La señora pensó más de lo que vio y, cual protagonista de la óperas de su esposo, estuvo a punto de caer verbalmente sobre mí, cuyo estado me llevó a una fugaz despedida y a desaparecer sin ser vista por el agujero de la cerradura, no sin ver que el divo retorcía su mano, miedoso de su reacción. Traspuesta, marché a mi casa y llamé a personas amigas que sabía podrían consolarme. A las dos en punto de la madrugada sonó mi teléfono, que no cogí yo (por eso hay testimonio). Era Plácido desde Viena para disculpar a su cónyuge y no a él mismo. Sin embargo mantenía la invitación.
No fui a Nueva York a pesar de que envió un boleto en primera, y no volví a verlo hasta un rodaje de El Barbero de Sevilla, durante los fastos del 92. Nada salió de su gran laringe mientras volvía a entrevistarle.
Para algunos de sus defensor@s todo son felonías inventadas por las feministas supremacistas, guarras, frígidas, lesbianas a la que solo nos obsesiona matar hombres, maltratarlos y luego esconder las penosas estadísticas.
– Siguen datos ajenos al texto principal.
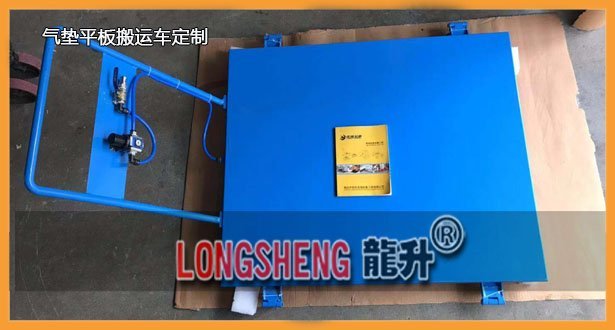 氣墊(dian)平闆(ban)搬(ban)運(yun)車(che)定(ding)製 氣(qi)墊(dian)平闆(ban)搬(ban)運車定(ding)製(zhi)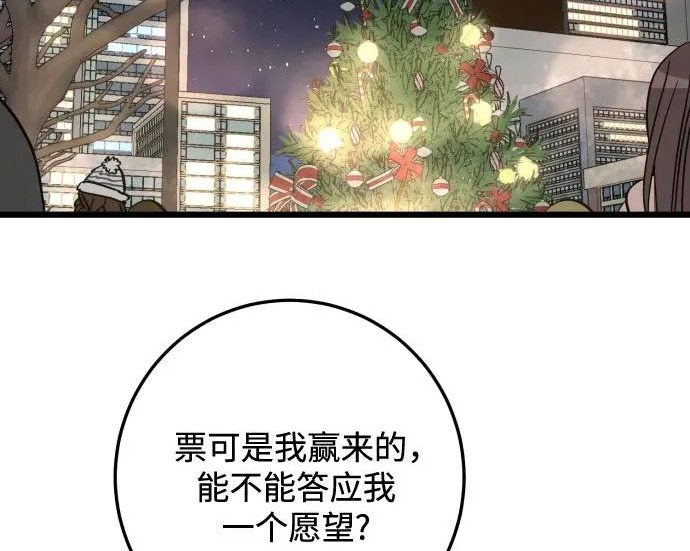 外传3话 圣诞节 第135页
Muchas han sido las plumas del sector periodístico que lo han elevado a los altares, negando todo y no investigando nada, una de las funciones principales de los periodistas.
Ellas, las supuestas víctimas, utilizando lenguaje clásico para que no te metan una querella (no para mí y otras muchas) son una mentirosas, vampíricas de fama y hambre mediática. Y ya lo más, la gran pregunta: “¿Por qué lo dicen ahora y no entonces?”. El summum del cinismo social, moral y ético. Ellas todas a la hoguera y el tenor a los altares.
Y no. No es así. Sin caer en el tópico descolorido que impera en la gran patria del éxito patriarcal, mediante el cual los hombres están cada día más asustados ante nuestros avances que solo van dirigidos hacia su exterminación. Y por ello deben defenderse.
Verbigracia, he leído barbaridades tales como “para cuándo un Me too para ellos”. Indecente postulado, conociendo como conozco. tanto por mis experiencias como por las de millones de mujeres que ahora (sí, ahora) hemos denunciado lo que en los 80 no podíamos.
Ya es hora de que el miedo cambie de orilla.
Ya es hora de que los dioses de barro paguen por sus desmanes.
Ya es hora de que los cachorros del patriarcado tomen conciencia de que NO ES NO. Y SI TOCAN A UNA NOS TOCAN A TODAS.